I’m being told by someone who doesn’t necessarily know anything solid that Paramount/DreamWorks’ plan on the second Clint Eastwood Iwo Jima film — Red Sun, Black Sand — is to bring it out in early ’07 and not release it, platform-style or otherwise, in late ’06. If this is the determination (and I say “if”) I don’t know if this is the right way to go, as I tried to explain the other day.
The reason I think they may be wrong is that I’m a little uncertain about the Oscar worthiness of Flags of Our Fathers, based on a reading of a draft of Paul Haggis‘s script. Eastwood’s film might have much more going for it than is indicated by Haggis’s script (which I didn’t read a recent draft of), but last March I ran a piece about how it reads, and wrote the following:

“I’m not saying Flags [doesn’t look like] a possible Oscar favorite, or that it doesn’t have the earmarks, in fact, of a presumptive front-runner. But all I can really say for sure, having slept on Haggis’s 119-page script, is that I’m genuinely impressed, but at the same time I’m wondering how much broad-based appeal the film will turn out to have.
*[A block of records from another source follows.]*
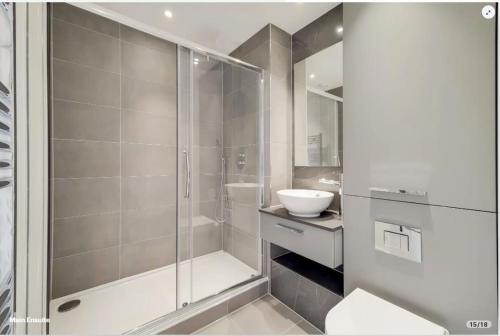 a bathroom with a shower and a toilet and a sink at ExCeL London-Exclusive 3 Bedroom in North Woolwich
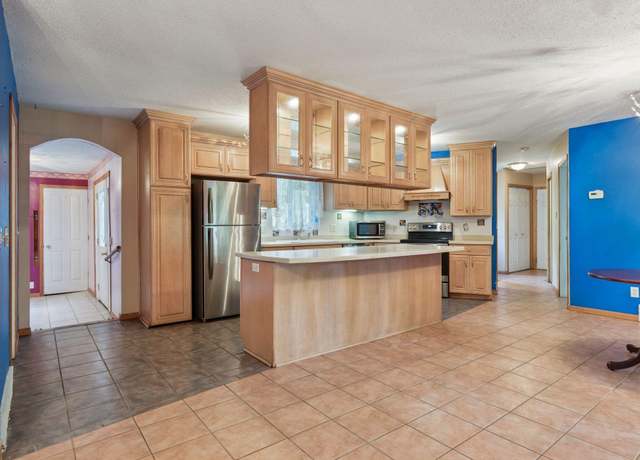 Property at 319 Wildwood Rd, Willernie, MN 55090, 3 beds, 2 baths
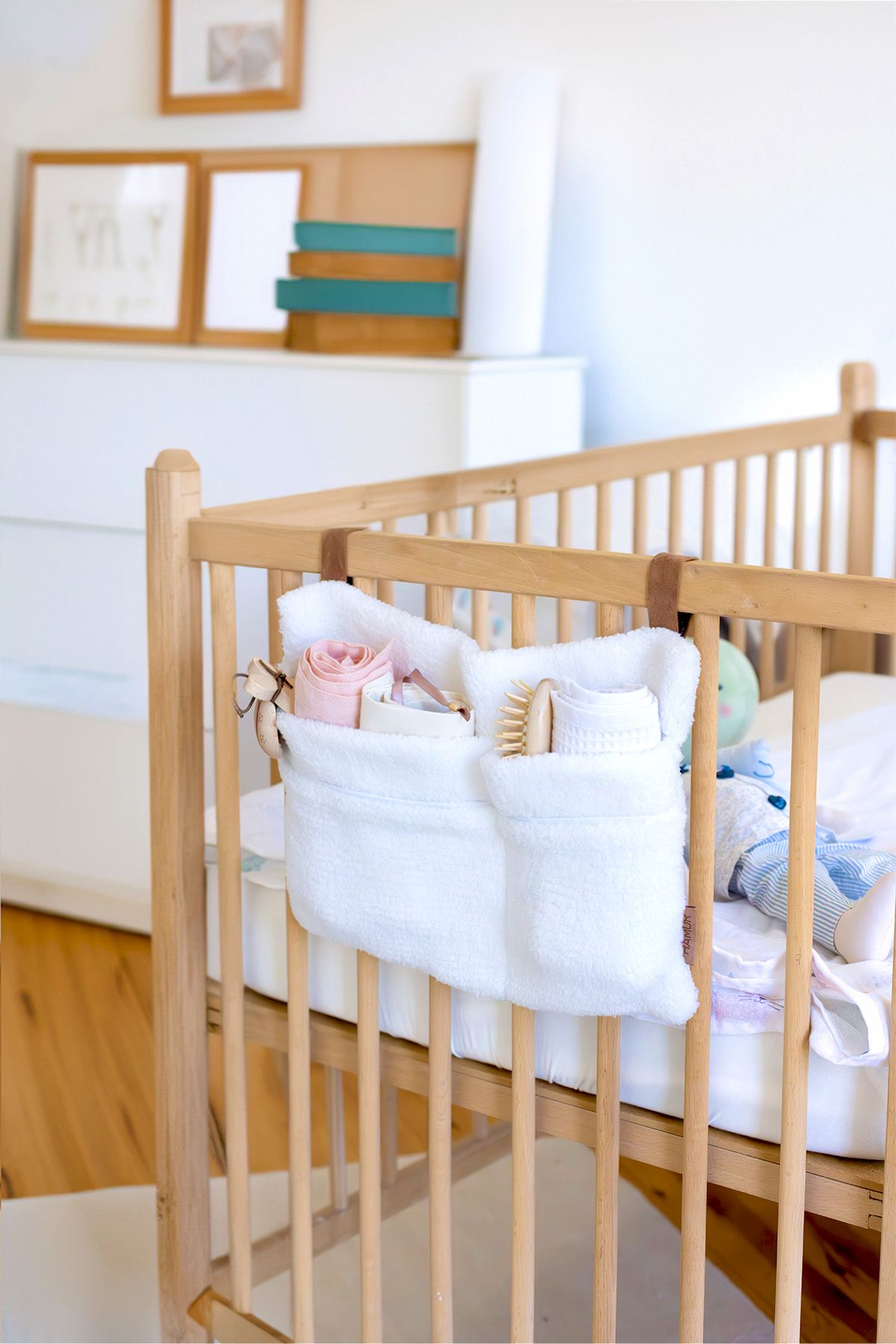 HAMUR Pratik Askılı Organizer Bebek Arabası Beşik Kenar Wellsoft Organizer Beyaz fotoğrafı 5 (önizleme)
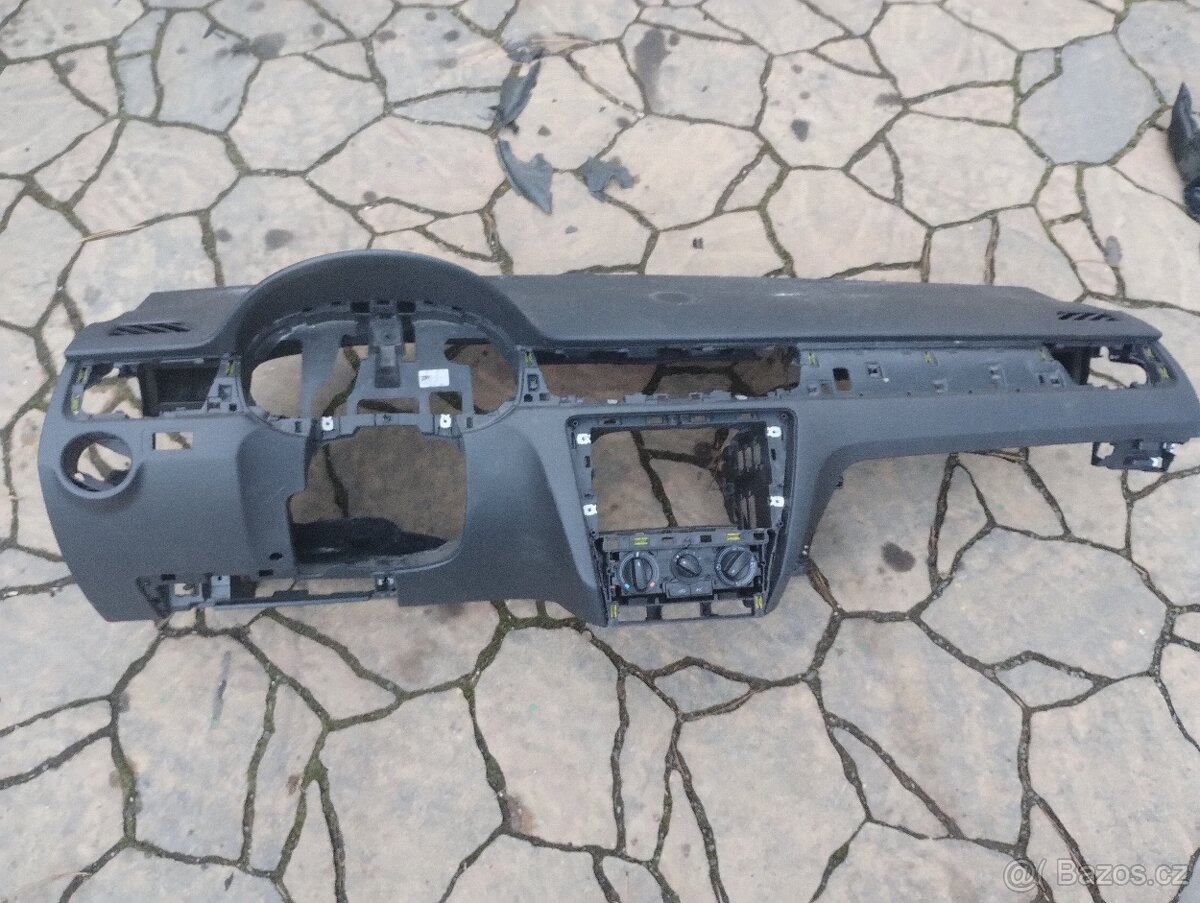 Škoda Rapid díly - 2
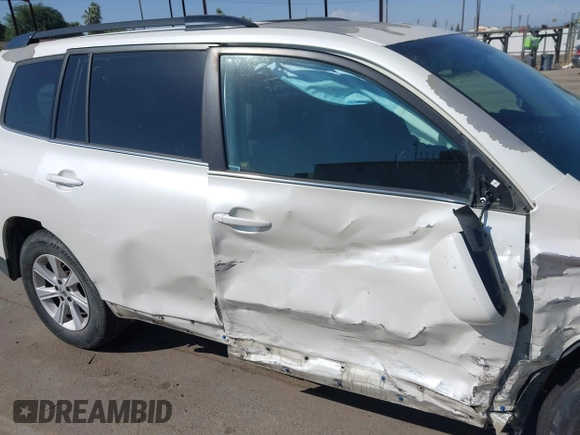 2013 Toyota Highlander z VIN 5TDZK3EH7DS127798, wystawiony jako IAAI lot #42372808 z przebiegiem 176 190 mil mil oraz . Historia ofert i sprzedaży dostępna na DreamBid. Obrazek 18.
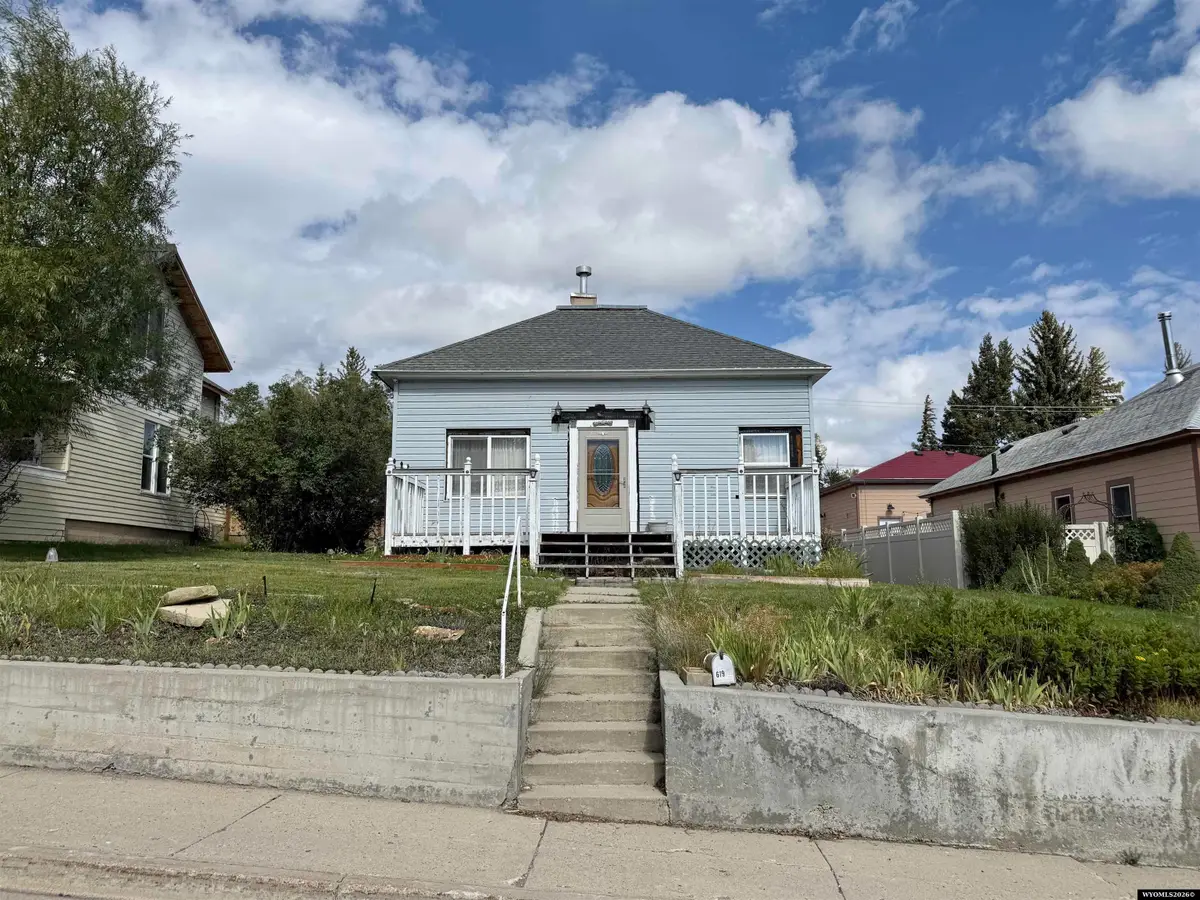 619 Topaz St, Kemmerer, WY 83101 - #1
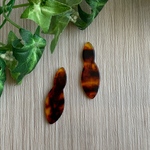  【SALE】ヴィンテージ  アクリル変形カボション　べっ甲風カラー　2個セット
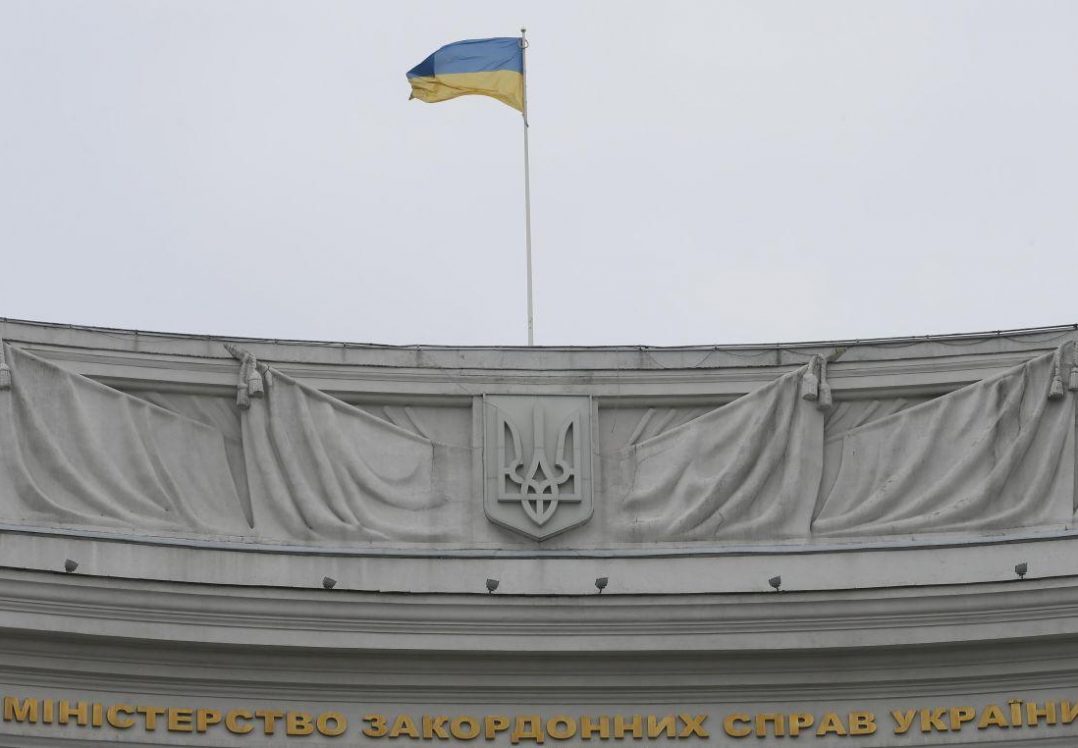 МЗС відсторонило українського консула в Молдові, якого підозрюють у зґвалтуванні неповнолітньої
“Put bluntly, the script reads like Saving Private Ryan‘s artier, more glum- faced brother. It has a lot of the same battle carnage and then some, a bit of the old-WWII-veteran-looking-back vibe and minus the manipulative Spielberg tearjerk factor but also with less of a narrative through-line.
Fathers is a sad, compassionate, sometimes horrifically violent piece that’s essentially plotless and impressionistic and assembled like a kind of time- tripping poem — a script made from slices of memory and pieces of bodies and heartfelt hugs and salutes from family members and politicians back home, and delivered with a lot of back-and-forth cutting.
“So it’s basically a montage thing that’s obviously more of an art film than a campfire tale, and that means that the sector that says ‘give us a good story and enough with the arty pretensions’ is going to be thinking ‘hmmm’ as they leave the screening room.”